### [YOUR INSTRUCTIONS]
In the entries that follow, find the line containing "綿100% ヴィンテージ風 半袖Tシャツ（背面プリント）" and the line containing "ELEMENT PURE - ALOE", then copy exactly everything from the first through the second except the pictures.
── RAW DATA
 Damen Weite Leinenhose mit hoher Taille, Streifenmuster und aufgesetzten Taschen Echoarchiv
────
── RAW DATA
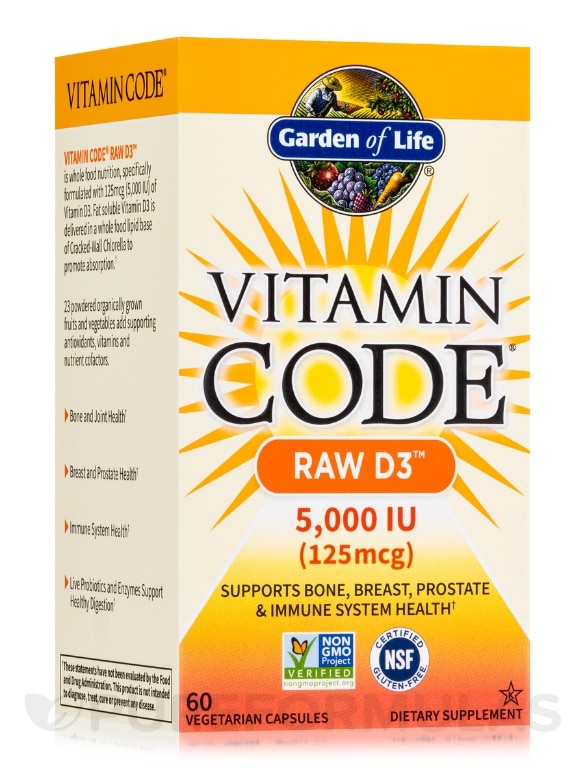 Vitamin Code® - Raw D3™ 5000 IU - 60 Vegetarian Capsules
────
── RAW DATA
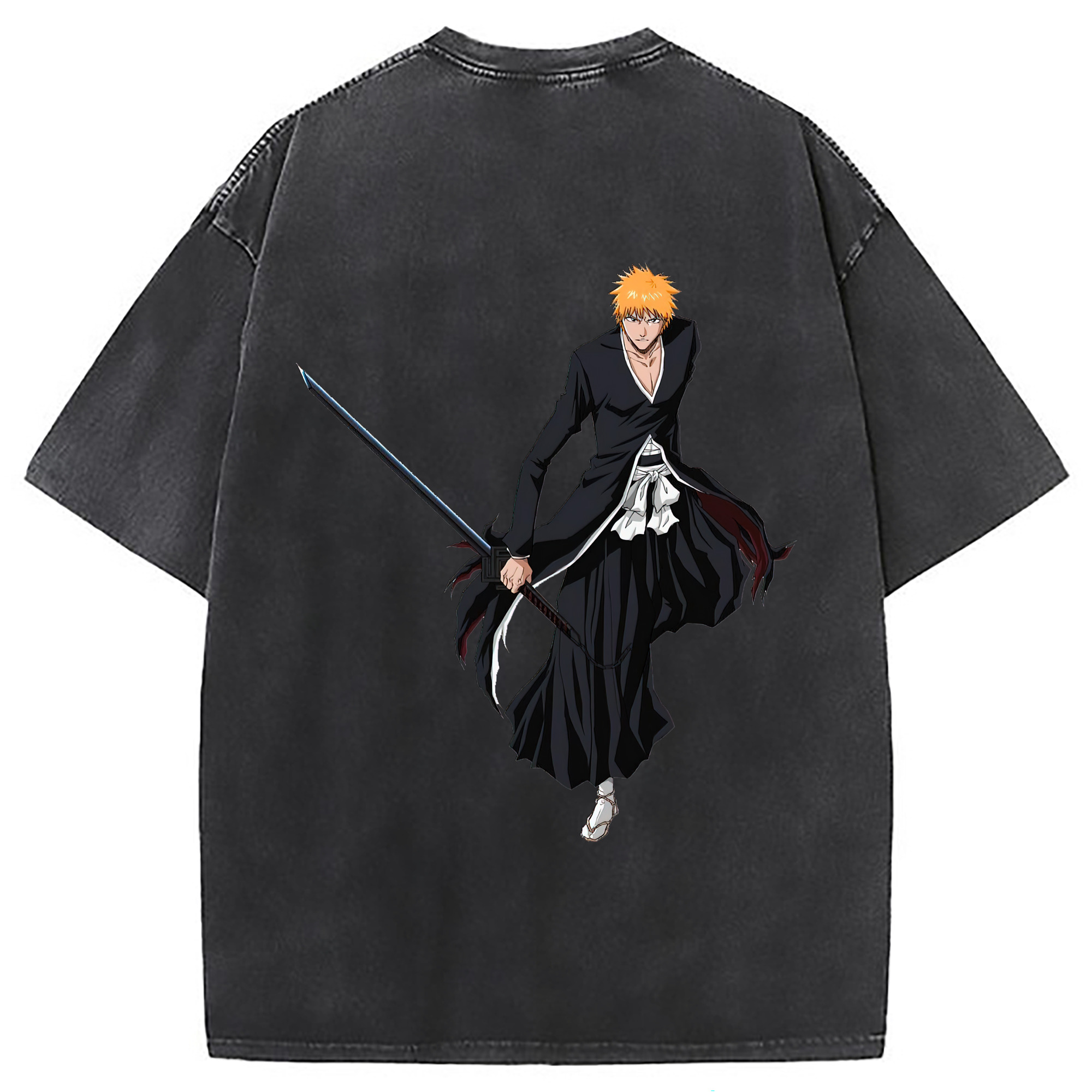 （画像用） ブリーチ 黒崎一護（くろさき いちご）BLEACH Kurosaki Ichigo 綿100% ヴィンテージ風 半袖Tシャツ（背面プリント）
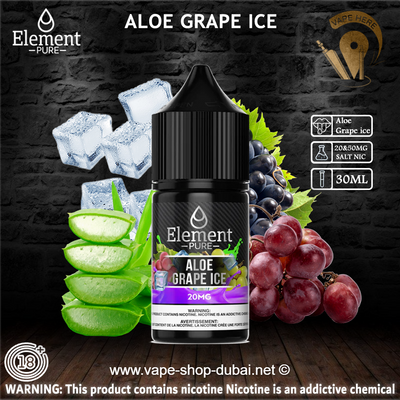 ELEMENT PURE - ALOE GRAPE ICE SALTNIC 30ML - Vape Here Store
────
### [RESPONSE AREA]
 （画像用） ブリーチ 黒崎一護（くろさき いちご）BLEACH Kurosaki Ichigo 綿100% ヴィンテージ風 半袖Tシャツ（背面プリント）
 ELEMENT PURE - ALOE GRAPE ICE SALTNIC 30ML - Vape Here Store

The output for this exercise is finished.